Pictures stay out; everything else in the listing below is to be restated word for word.

DATA SHOWN ▸
──────────────────────────────

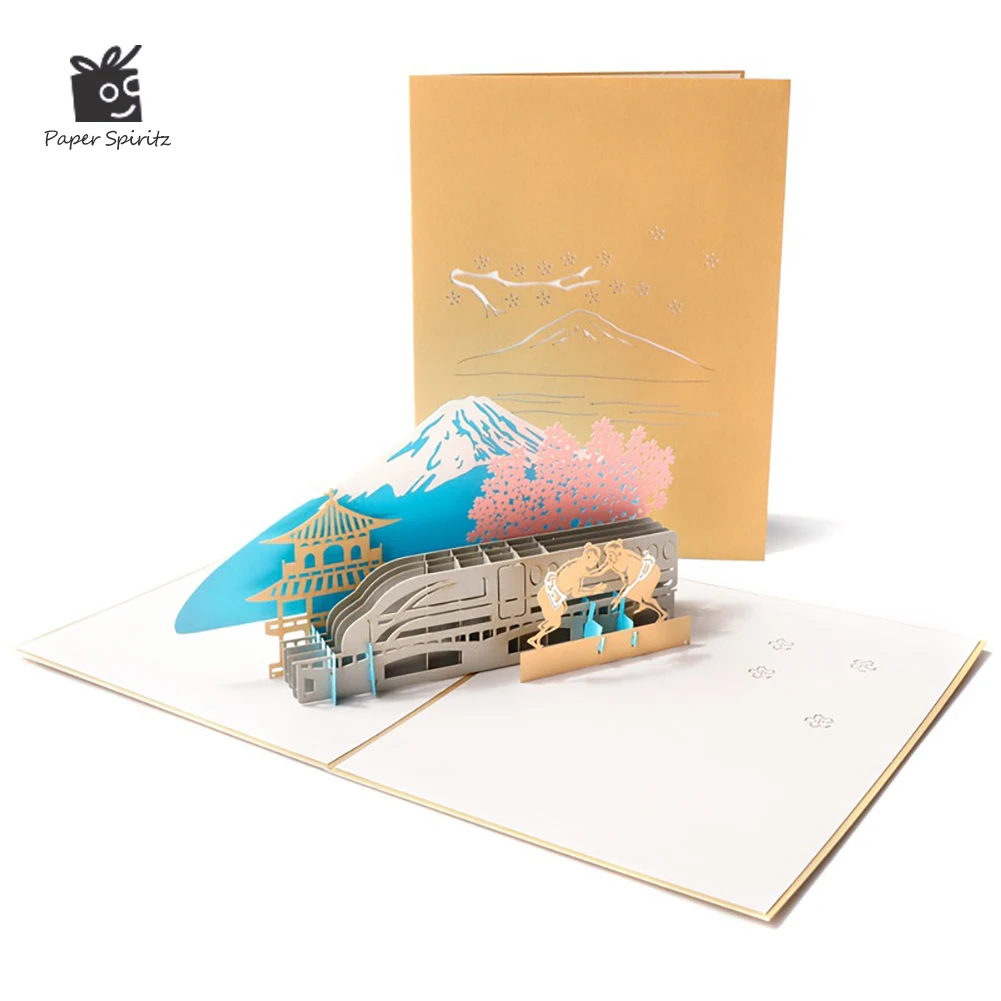 3D Pop-Up Cards Mount Fuji Happy Birthday Card Anniversary Gifts Postcard Anniversary Christmas Greeting Cards Gifts
3D Pop-Up Cards Mount Fuji Happy Birthday Card Anniversary Gifts Postcard Anniversary Christmas Greeting Cards Gifts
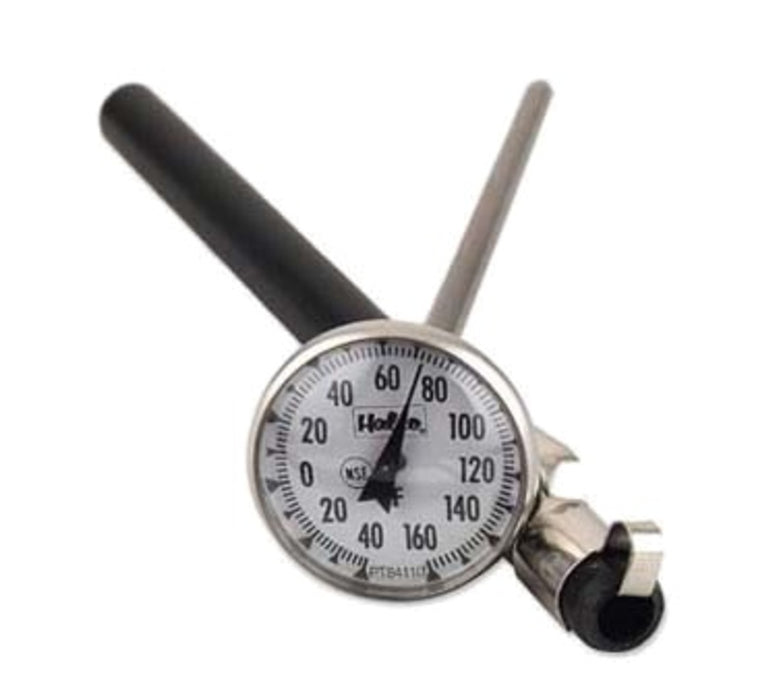 TERMOMETRO DE BOLSILLO RANGO DE TEMPERATURA 10 A 288 C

──────────────────────────────

ANSWER ▸
 3D Pop-Up Cards Mount Fuji Happy Birthday Card Anniversary Gifts Postcard Anniversary Christmas Greeting Cards Gifts
3D Pop-Up Cards Mount Fuji Happy Birthday Card Anniversary Gifts Postcard Anniversary Christmas Greeting Cards Gifts
 TERMOMETRO DE BOLSILLO RANGO DE TEMPERATURA 10 A 288 C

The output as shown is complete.